Ce n'est pas un hasard si le narrateur de Os la montagne blanche de Steve Gagnon présentée à La Licorne est archéologue. Il déterre des artefacts, il décèle les traces de civilisations et d'humains disparus et tente de les interpréter. Il ne sait pas encore qu'un défi bien plus grand l'attend à la mort de sa mère : déceler ses traces à elle, tenter de comprendre cette vie, interpréter cette femme qu'il aimait profondément et qui n'a rien laissé derrière elle pour expliquer qui elle était.

Depuis des dizaines d'années, j'écris dans ce que j'appelle Mes cahiers noirs. Pas du tout dans le genre « Cher journal, aujourd'hui au bureau, j'ai pleuré. Encore.» J'écris les anecdotes, les coïncidences, les moments amusants de ma vie, des extraits de romans lus, des poèmes que j'aime, des souvenirs de gens que j'ai connus et qui, parfois, meurent. Ma vie est documentée. Mes fils pourront lire cela quand je ne serai plus là. Ou les jeter à la poubelle.

Mais la mère de Os n'a jamais écrit dans des cahiers noirs ou autres, elle n'a jamais tenu de journal et alors que le fils fouille partout et espère trouver dans les livres de recettes ou sous le matelas de la mère disparue une explication, une validation, le pourquoi et le comment de cette vie, il ne trouve rien. C'est donc à l'intérieur de lui-même, lui qui possède la moitié de cette femme dans ses gènes, qu'il essaiera de la découvrir et de la rencontrer.

Connaissons-nous vraiment ceux que nous aimons et à qui nous tenons le plus? Répondant à cette interrogation, Steve Gagnon revisite l'enfance, les projets inachevés ou ratés, les souvenirs impérissables comme celui du deuxième tiroir de la salle de bain où on peut tout trouver sauf, hélas, ce qui est le plus important. Et il y a cette réalisation douloureuse de l'amour incroyable porté à la mère puisque plus rien n'est pareil depuis qu'elle n'est plus là et qu'on ne peut plus lui poser les questions qui s'agitent dans notre tête. Et, pire, le fils doit se bâtir en homme tout seul.

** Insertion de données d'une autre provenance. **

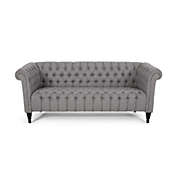GDF Studio Edgar Traditional Chesterfield Sofa with Tufted Cushions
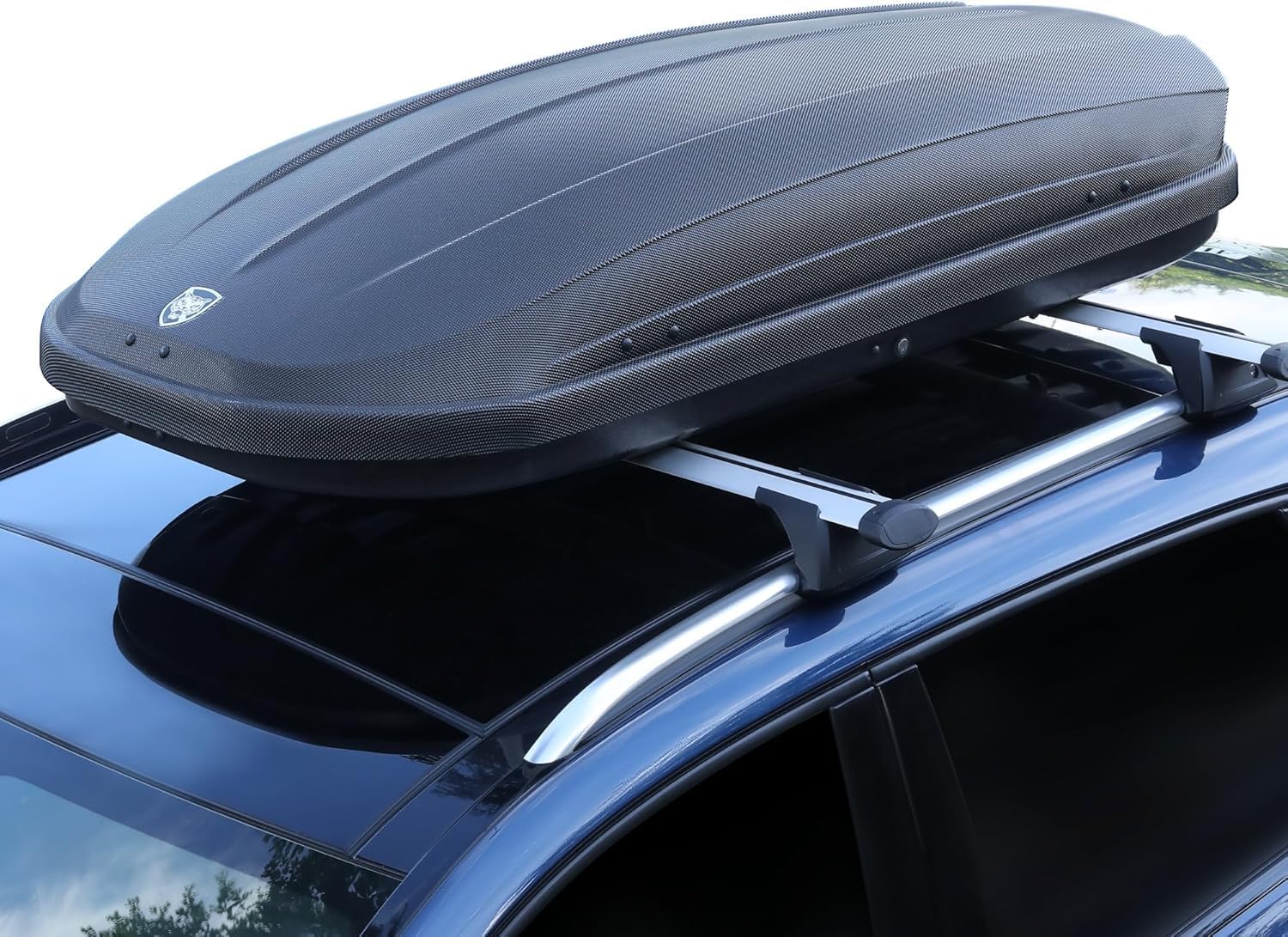 Rooftop Cargo Box Carrier 14 Cubic,Hard Shell Rooftop Cargo Carrier Dual-Side Opening for Car Storage,165Lbs Weight Capacity with Secure Straps&Keys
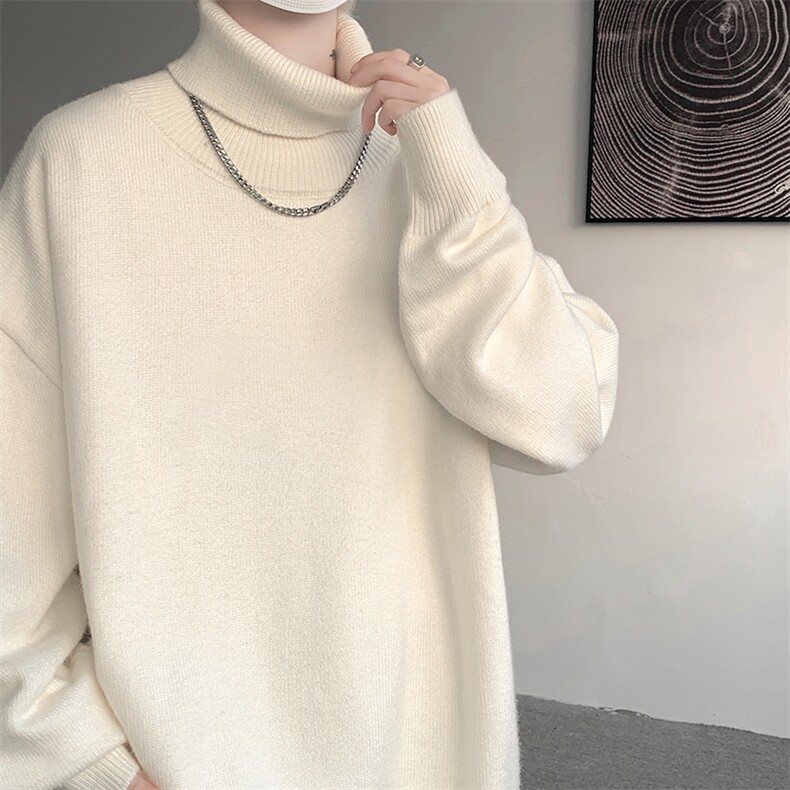 8XL-M 神款搭配！！！特大码高领毛衣男打底衫百搭内搭MY1214P45图片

Ce spectacle tient du slam, de la poésie, de la performance; la musique fort pertinente et belle de Nicolas Basque et Adèle Trottier Rivard qui l'accompagne ponctuellement souligne le texte et contribue à l'émotion. Le public est debout dans la salle de la Petite Licorne et Steve Gagnon se promène de podium en podium pour les différents chapitres de l'histoire qu'il nous raconte. Il y aura des relations difficiles, des amours déçues, un voyage en Amérique du Sud et la rencontre d'Edna, moitié mère substitut, moitié chamane ou sorcière. Tout cela contribuant à la construction d'un homme qui n'est pas nécessairement doué pour l'archéologie de l'amour.

J'ai été très touchée par ce spectacle où les moments pénibles de l'existence alternent avec des éclats de joie.

J'ai été très touchée par ce spectacle où les moments pénibles de l'existence alternent avec des éclats de joie. La mise en scène de Denis Bernard, complice du texte, rend tout cela avec une belle évidence. Mais surtout cette pièce s'inscrit dans ce projet de Steve Gagnon de redéfinition de la masculinité dans le cadre de notre époque où tout est remis en question. Et puisque le deuxième tiroir de la salle de bain ne contient pas de mode d'emploi pour toutes ces grandes questions, il nous revient à tous et à toutes de réfléchir là-dessus et parfois de grands fous romantiques comme Steve Gagnon nous permettent de le faire.

Os La montagne blanche : Une production du Théâtre Jésus, Shakespeare et Caroline en codiffusion avec La Manufacture, à La Licorne jusqu'au 1 décembre 2017.